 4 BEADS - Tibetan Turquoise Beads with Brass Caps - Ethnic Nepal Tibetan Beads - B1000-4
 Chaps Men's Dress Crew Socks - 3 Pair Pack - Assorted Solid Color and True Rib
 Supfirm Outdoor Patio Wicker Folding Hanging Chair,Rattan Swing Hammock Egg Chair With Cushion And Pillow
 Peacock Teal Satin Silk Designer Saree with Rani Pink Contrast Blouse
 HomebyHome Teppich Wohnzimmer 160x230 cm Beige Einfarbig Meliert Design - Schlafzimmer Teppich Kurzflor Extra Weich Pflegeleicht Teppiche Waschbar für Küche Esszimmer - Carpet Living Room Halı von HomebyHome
----------
Each record must be returned in full and exactly.

SOLUTION TO THE EXERCISE ▸
 4 BEADS - Tibetan Turquoise Beads with Brass Caps - Ethnic Nepal Tibetan Beads - B1000-4
 Chaps Men's Dress Crew Socks - 3 Pair Pack - Assorted Solid Color and True Rib
 Supfirm Outdoor Patio Wicker Folding Hanging Chair,Rattan Swing Hammock Egg Chair With Cushion And Pillow
 Peacock Teal Satin Silk Designer Saree with Rani Pink Contrast Blouse
 HomebyHome Teppich Wohnzimmer 160x230 cm Beige Einfarbig Meliert Design - Schlafzimmer Teppich Kurzflor Extra Weich Pflegeleicht Teppiche Waschbar für Küche Esszimmer - Carpet Living Room Halı von HomebyHome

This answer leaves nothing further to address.